Among her many honors and awards, Diane was recognized by ASIS&T in 2014 with the prestigious Research Award. She also received the 2009 ASIS&T/Thomson Reuters Outstanding Information Science Teacher Award.
SIG/AH Webinar Upcoming
Peter Suber and other chroniclers of the open-access movement have noted that the open, online dissemination of scholarly and research material is reliant upon digital reproduction. Indeed, prior to our present age, Suber notes that all forms of non-rivalrous objects, such as knowledge, were tied to rivalrous modes of communication, such as paper. But is the digital age so different from the age of mechanical reproduction identified by Walter Benjamin early in the 20th century? Why should new technological mutations drive the ways in which humanities scholars disseminate their work? And is there a danger in letting technological fetishism act as determiners of humanities scholarship?

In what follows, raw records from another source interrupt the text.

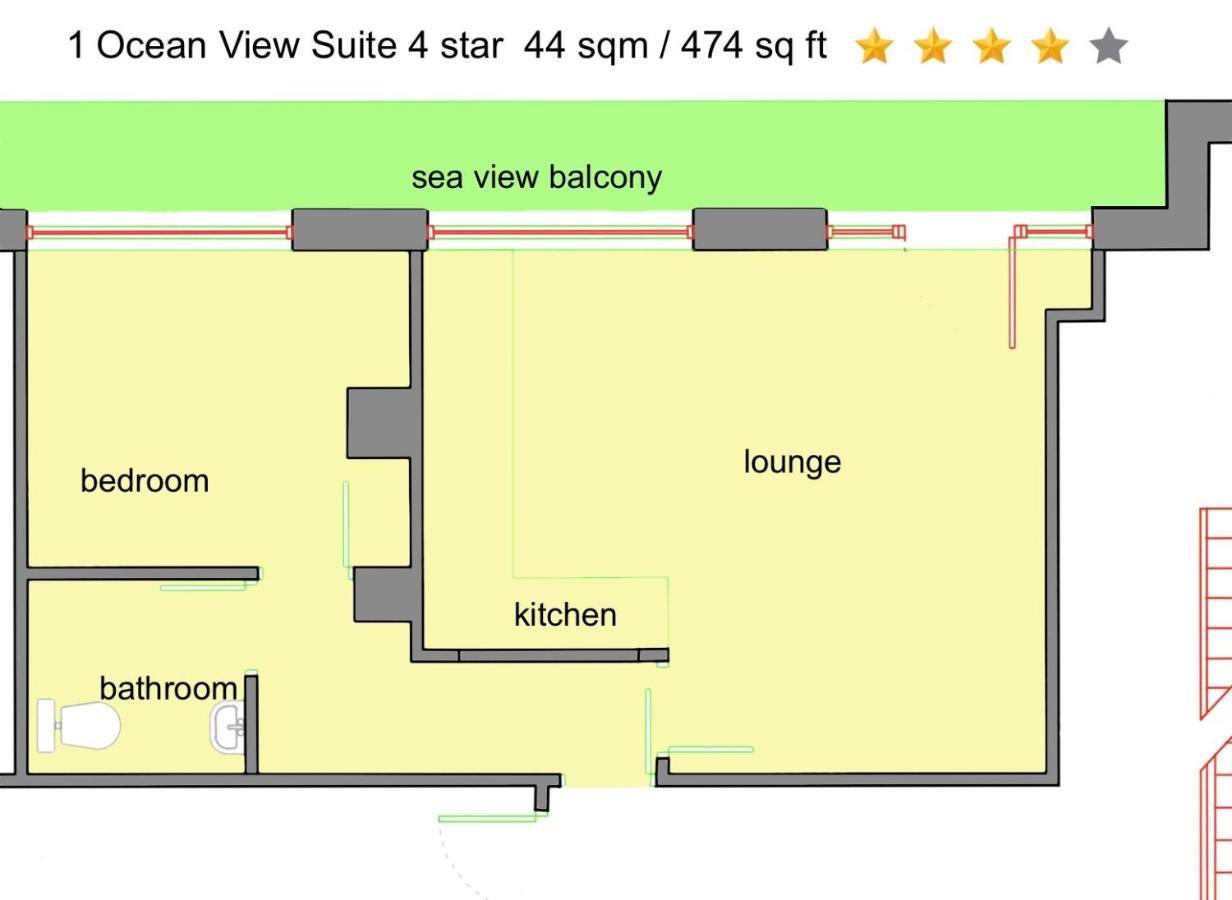01 Deluxe One-Bedroom Apartment with Ocean View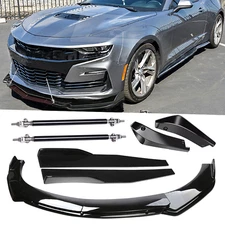 For Chevrolet Chevy Front Bumper Lip Splitter Spoiler Body Kit Side Skirt Glossy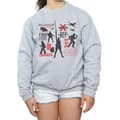 Miniatyrbild 3 av 5: Star Wars Sweatshirt med silhuetter av rebellerna från Sista Jedi-riddaren för flickor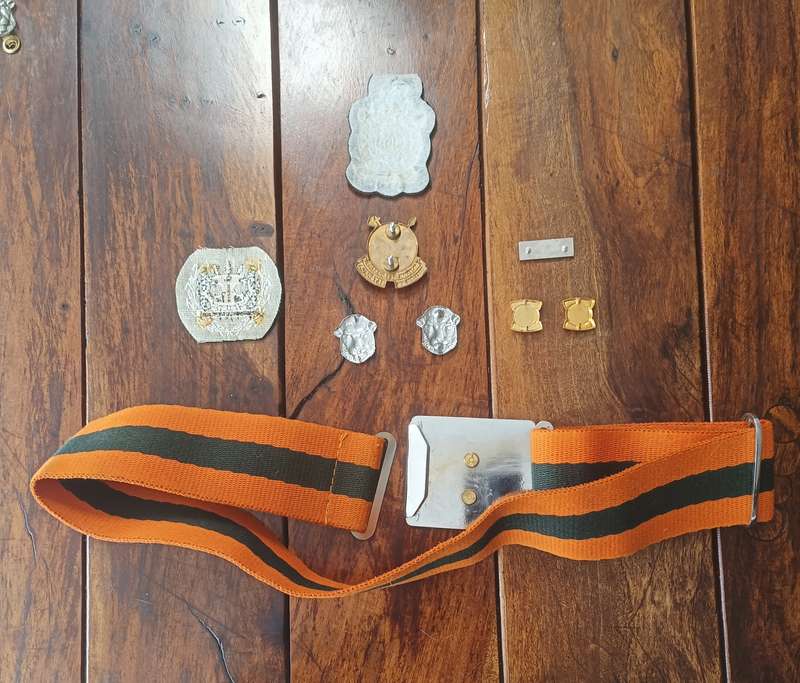 SADF - BOPHUTHATSWANA MILITARY LOT - STABLE BELT, BADGES AND RANKS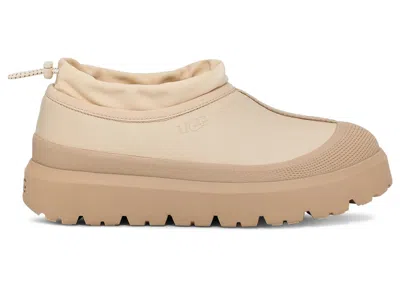 Pre-owned Ugg Men's  Tasman Weather Hybrid Slipper Sneakers In Birch/white Pepper
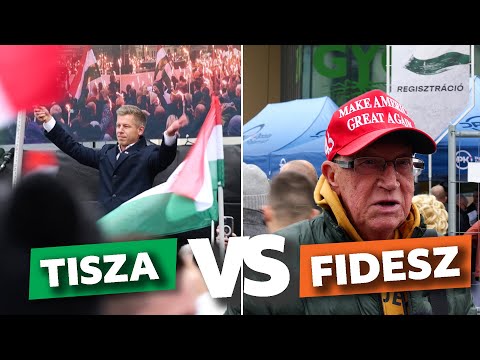 Győrben csapott össze a Tisza és a Fidesz - ott voltunk mind a két helyszínen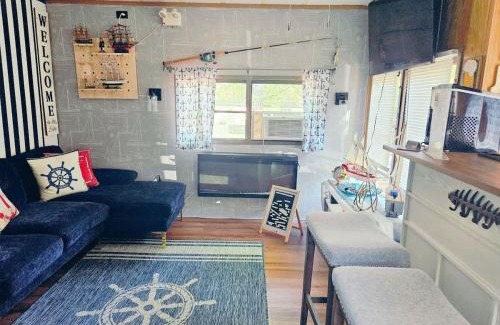Gouldsboro Casa | pumpkin filled tiny boat house for the fall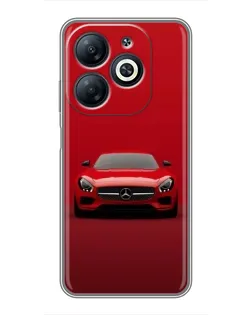 Чехол для Infinix Smart 8 с картинкой «Красный Mercedes AMG»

In this upcoming SIG/AH webinar, professor Martin Paul Eve will address these matters, which are formative elements of the terrain on which scholarship in the 21st century will emerge. Technology and Publishing: The Work of Scholarship in the Age of its Digital Reproducibility, featuring Martin Paul Eve from the Open Library of Humanities/Birkbeck, University of London, will be September 21, 2016, at 11:00 a.m.-12:15pm EDT. Access details will be available on the ASIST webinars site at www.asist.org/events/webinars/
Martin is the author of three books: Pynchon and Philosophy: Wittgenstein, Foucault and Adorno (Palgrave, 2014); Open Access and the Humanities: Contexts, Controversies and the Future (Cambridge University Press, 2014); and Password: A Cultural History (Bloomsbury, forthcoming 2016) and many journal articles. A strong advocate for open access to scholarly material, Martin has given evidence to the UK House of Commons Select Committee Inquiry into Open Access; served on the Jisc OAPEN-UK Advisory Board, the Jisc National Monograph Strategy Group and the Jisc Scholarly Communications Advisory Board; been a member of the HEFCE Open Access Monographs Expert Reference Group; and is a member of the SCONUL Strategy Group on Academic Content and Communications. Martin is also a qualified computer programmer (Microsoft Professional in C# and the .NET Framework) and is the author of the digital publishing tools meTypeset and CaSSius.

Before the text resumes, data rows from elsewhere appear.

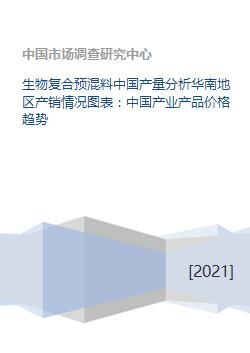 生物复合预混料中国产量分析华南地区产销情况图表 中国产业产品价格趋势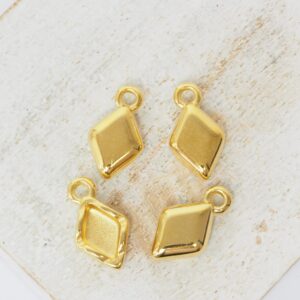 8x14 mm Cymbal Zenia Gold-colored x 4 pc(s)"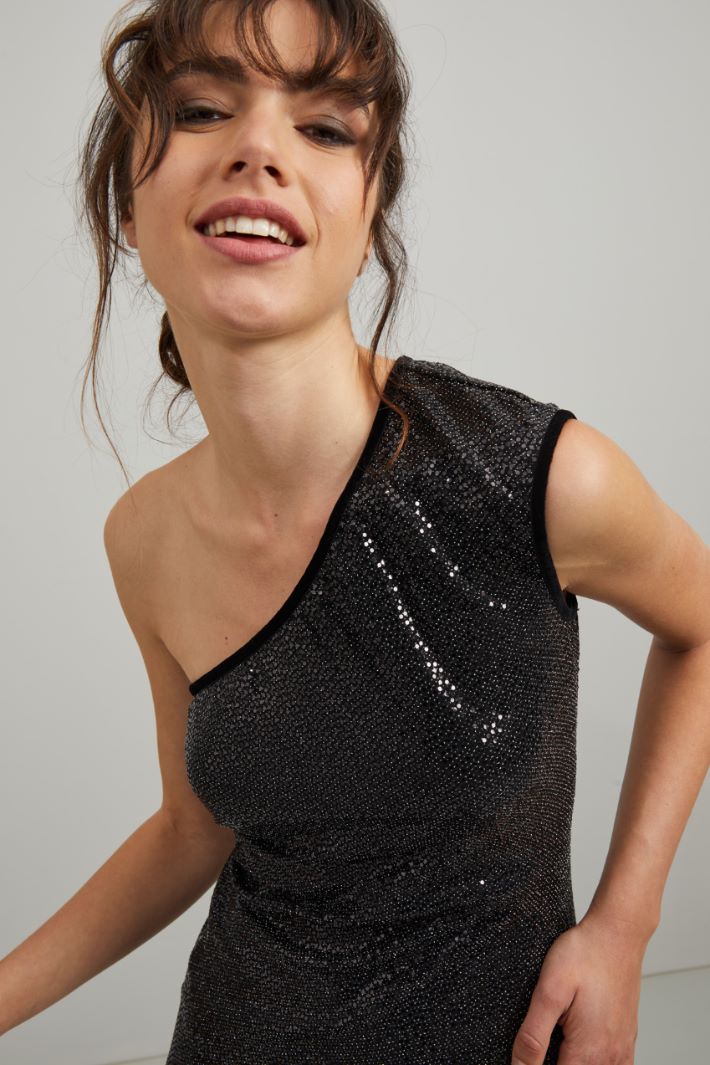 Tubino monospalla - NERO - Fashion Market - 3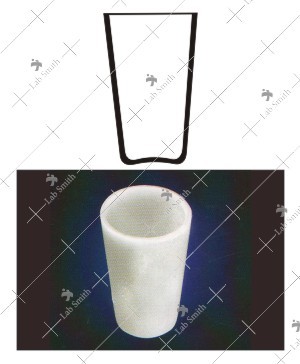 Crucibles Conical Form without Spout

Deadline Extended for New ASIS&T Doctoral Student Showcase
Doctoral students in the writing stage or preparing for the defense of their dissertations are urged to showcase their research to a much wider audience in the new ASIS&T Doctoral Student Showcase. Eligible students are those doctoral students who have completed their coursework, qualifying examinations (or equivalent) and defended their proposals or are in the process of analyzing/writing or ready to defend their dissertations. Submissions are short videos similar to elevator speeches in which the dissertation research, related to the broadly defined information field, is presented.

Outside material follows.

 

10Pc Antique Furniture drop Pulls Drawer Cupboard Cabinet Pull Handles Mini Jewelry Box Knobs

The producers of the best 20 submissions will win free one-year ASIS&T memberships or renewals. All vetted submissions will be featured on the ASIS&T website .
The deadline for video submission has been extended to September 1, 2016.
This initiative is co-sponsored by the ASIS&T Membership Committee, ASIS&T Education and Professional Advancement Committee and the ASIS&T Outreach and Engagement Task Force.